Unfortunately for author Naomi Wolf, a real-life nightmare happened during a live interview. While being interviewed on BBC Radio about her new book Outrages: Sex, Censorship, and the Criminalization of Love, Ms. Wolf was informed by broadcaster Matthew Sweet that the book is premised on a misunderstanding of the definition of the phrase “death recorded”.
“Death recorded” is a 19th-century English legal term meaning a convict was pardoned – not executed or given a death sentence as Ms.
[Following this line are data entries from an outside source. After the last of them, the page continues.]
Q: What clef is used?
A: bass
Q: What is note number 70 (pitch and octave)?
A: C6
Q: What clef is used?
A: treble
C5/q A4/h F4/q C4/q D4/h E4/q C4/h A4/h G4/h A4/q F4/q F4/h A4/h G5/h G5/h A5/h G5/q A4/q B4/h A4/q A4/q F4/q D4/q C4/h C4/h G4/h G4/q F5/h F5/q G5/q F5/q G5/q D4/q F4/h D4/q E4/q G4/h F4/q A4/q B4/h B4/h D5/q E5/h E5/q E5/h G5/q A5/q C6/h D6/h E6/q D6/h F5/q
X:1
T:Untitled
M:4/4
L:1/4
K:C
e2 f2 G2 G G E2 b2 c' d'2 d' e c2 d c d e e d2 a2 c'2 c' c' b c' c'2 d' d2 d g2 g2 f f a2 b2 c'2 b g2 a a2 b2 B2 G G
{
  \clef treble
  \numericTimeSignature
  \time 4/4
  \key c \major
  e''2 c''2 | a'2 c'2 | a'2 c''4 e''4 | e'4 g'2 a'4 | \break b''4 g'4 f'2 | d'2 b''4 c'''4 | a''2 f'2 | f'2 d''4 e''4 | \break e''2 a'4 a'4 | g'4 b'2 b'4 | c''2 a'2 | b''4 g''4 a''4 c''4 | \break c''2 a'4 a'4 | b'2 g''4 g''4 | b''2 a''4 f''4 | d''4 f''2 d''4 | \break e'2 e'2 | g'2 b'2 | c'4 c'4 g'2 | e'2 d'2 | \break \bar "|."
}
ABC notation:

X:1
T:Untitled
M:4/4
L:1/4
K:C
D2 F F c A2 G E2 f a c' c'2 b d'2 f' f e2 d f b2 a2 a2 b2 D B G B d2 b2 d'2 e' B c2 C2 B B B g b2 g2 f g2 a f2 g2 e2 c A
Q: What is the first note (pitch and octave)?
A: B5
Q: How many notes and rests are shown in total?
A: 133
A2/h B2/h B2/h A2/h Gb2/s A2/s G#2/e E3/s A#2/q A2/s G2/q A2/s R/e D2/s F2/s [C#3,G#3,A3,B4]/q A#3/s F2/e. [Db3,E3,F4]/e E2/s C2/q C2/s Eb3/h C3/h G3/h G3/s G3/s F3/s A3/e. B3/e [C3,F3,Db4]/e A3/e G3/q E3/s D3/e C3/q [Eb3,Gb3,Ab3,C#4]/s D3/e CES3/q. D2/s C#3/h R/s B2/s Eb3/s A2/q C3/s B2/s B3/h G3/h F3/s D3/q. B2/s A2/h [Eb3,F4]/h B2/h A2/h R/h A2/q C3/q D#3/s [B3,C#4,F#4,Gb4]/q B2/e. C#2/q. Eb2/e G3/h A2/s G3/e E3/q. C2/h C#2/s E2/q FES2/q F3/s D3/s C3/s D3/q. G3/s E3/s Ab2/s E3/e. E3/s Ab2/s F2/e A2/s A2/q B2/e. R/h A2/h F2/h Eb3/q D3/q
Wolf thought.
Listen to the exchange here:
Everyone listen to Naomi Wolf realize on live radio that the historical thesis of the book she's there to promote is based on her misunderstanding a legal term pic.twitter.com/a3tB77g3c1
— Edmund Hochreiter (@thymetikon) May 23, 2019
Ouch – that’s right up there with dreaming you’re back in high school and naked.
Mr. Sweet had done his homework on his interview subject and found no historical evidence that anyone was ever executed for sodomy during the Victorian era, which means much of the premsie of Wolf’s entire book is false.
Houghton Miffilin Harcourt has stated that while they employ editors, copyeditors, and proofreaders for their books, they rely on authors to do their due diligence, research, and fact-checking. Basically, they want integrity on the part of their authors. Outrages is out now in the UK, and will be available in the US on June 18th.
Don’t let this nightmare happen to you – and don’t rely on editors or publishers to correct your work.
Remember – It’s your name on the cover.